NEW YORK – Nissan, salah satu pelopor kendaraan listrik awal dengan peluncuran Leaf pada tahun 2009, sekarang sudah pernah mengambil langkah besar dengan membatalkan rencana untuk memproduksi SUV listrik kecil pada Amerika Serikat.

Menurut laporan Auto News, model tersebut, yang digunakan dikenal dengan kode PZ1L, seharusnya dibuat di dalam pabrik Nissan di dalam Canton, Mississippi, tetapi perusahaan yang dimaksud sekarang memutuskan untuk bukan melanjutkannya.

Model PZ1L, yang dikatakan lebih banyak besar dari Leaf tetapi lebih tinggi kecil dari Rogue, masih di tahap perencanaan untuk diproduksi di area pabrik Nissan pada Sunderland, Inggris.

Meski demikian, Nissan masih berazam untuk memproduksi dua model SUV listrik lainnya di tempat Amerika Serikat.

Juru bicara Nissan Brian Brockman menjelaskan bahwa perusahaan ingin fokus pada model EV lain yang digunakan lebih besar cocok untuk lingkungan ekonomi Amerika lalu diperkirakan akan memiliki permintaan tambahan tinggi.

Hasil ini diyakini disebabkan oleh tingkat adopsi kendaraan listrik yang lebih banyak lambat dari yang digunakan diharapkan di dalam Amerika Serikat.

Faktor urusan politik juga berperan, dengan kemungkinan adanya pembaharuan kebijakan seiring Donald Trump berjanji untuk mengakhiri kebijakan yang mana mengupayakan kendaraan listrik seperti “Green New Deal” kemudian mencabut subsidi pajak sebesar USD7.500 untuk pembelian kendaraan listrik.

Jika ini terjadi, biaya kepemilikan kendaraan listrik dalam negara ini akan meningkat secara signifikan.

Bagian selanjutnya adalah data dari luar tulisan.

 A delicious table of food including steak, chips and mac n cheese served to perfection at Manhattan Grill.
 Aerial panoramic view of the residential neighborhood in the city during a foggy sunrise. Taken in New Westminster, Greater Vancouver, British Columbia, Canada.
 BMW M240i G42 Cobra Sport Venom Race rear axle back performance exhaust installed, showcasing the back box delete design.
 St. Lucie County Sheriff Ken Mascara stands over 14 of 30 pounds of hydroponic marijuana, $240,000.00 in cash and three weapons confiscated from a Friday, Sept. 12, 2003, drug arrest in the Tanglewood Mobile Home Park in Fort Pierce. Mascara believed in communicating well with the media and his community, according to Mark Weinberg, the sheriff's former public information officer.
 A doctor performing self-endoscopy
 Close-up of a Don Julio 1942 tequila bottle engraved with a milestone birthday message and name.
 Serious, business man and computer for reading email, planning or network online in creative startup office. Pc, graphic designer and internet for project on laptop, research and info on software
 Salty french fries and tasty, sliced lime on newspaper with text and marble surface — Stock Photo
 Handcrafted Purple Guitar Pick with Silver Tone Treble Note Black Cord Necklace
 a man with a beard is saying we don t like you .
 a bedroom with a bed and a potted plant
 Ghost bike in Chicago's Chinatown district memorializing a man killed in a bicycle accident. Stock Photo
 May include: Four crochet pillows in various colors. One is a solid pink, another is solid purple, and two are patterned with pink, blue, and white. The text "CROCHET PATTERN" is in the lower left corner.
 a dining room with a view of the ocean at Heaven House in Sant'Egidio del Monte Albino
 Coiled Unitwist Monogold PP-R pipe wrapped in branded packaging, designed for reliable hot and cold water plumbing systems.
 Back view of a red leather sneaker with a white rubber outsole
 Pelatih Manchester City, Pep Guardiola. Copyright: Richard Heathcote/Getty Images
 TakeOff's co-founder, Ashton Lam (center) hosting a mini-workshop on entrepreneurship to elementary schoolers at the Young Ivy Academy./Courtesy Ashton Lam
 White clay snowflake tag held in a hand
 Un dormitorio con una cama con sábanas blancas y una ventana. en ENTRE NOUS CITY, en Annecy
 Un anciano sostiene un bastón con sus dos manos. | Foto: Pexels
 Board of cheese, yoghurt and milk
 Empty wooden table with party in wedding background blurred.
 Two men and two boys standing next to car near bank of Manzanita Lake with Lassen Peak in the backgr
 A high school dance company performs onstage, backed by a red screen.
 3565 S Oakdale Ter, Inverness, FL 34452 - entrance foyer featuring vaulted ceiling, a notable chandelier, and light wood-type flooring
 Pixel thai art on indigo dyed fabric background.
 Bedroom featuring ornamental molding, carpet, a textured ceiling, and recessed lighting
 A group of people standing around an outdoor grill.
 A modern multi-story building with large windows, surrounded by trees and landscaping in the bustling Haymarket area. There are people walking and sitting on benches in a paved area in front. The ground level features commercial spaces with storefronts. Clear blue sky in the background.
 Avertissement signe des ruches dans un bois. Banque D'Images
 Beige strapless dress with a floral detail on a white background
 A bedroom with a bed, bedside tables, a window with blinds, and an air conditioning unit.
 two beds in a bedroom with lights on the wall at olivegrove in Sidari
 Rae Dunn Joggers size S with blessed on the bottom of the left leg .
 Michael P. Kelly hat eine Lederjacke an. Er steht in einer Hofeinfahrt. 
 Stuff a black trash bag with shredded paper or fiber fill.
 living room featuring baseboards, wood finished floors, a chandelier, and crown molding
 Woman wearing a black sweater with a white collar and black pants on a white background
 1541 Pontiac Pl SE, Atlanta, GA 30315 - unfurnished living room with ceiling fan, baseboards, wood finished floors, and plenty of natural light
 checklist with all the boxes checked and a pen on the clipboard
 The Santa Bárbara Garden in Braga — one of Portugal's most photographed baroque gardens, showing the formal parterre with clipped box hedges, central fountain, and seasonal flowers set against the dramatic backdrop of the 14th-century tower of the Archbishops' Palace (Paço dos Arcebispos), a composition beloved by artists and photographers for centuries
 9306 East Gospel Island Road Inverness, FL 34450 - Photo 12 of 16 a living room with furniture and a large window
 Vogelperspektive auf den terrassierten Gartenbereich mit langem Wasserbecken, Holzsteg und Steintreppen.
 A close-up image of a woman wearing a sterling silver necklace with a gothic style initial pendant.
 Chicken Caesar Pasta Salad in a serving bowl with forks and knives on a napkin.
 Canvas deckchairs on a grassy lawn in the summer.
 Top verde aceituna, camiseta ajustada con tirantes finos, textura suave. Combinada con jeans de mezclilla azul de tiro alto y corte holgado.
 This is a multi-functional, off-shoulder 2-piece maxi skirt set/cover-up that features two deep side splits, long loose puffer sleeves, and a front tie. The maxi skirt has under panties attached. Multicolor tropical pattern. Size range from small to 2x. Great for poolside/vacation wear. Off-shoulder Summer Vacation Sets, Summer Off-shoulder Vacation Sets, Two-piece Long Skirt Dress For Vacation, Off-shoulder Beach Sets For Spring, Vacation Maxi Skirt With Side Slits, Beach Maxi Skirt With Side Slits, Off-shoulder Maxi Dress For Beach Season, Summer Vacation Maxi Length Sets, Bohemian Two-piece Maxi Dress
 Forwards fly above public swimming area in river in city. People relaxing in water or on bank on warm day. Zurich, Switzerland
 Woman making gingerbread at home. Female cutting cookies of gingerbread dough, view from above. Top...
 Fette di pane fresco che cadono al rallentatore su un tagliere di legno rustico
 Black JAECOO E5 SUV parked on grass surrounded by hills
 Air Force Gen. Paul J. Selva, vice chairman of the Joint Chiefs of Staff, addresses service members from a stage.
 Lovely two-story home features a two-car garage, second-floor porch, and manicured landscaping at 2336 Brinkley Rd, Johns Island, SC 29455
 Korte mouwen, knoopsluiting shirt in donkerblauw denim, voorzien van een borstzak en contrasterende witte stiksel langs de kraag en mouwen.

Meskipun menghadapi tantangan ini, Nissan masih menunjukkan komitmennya terhadap elektrifikasi dengan mengejar proyek lain yang lebih banyak relevan dengan lingkungan ekonomi AS.

Masa depan bursa kendaraan listrik global masih dinamis, serta langkah strategis seperti ini menunjukkan pentingnya beradaptasi dengan inovasi permintaan juga kebijakan pemerintah.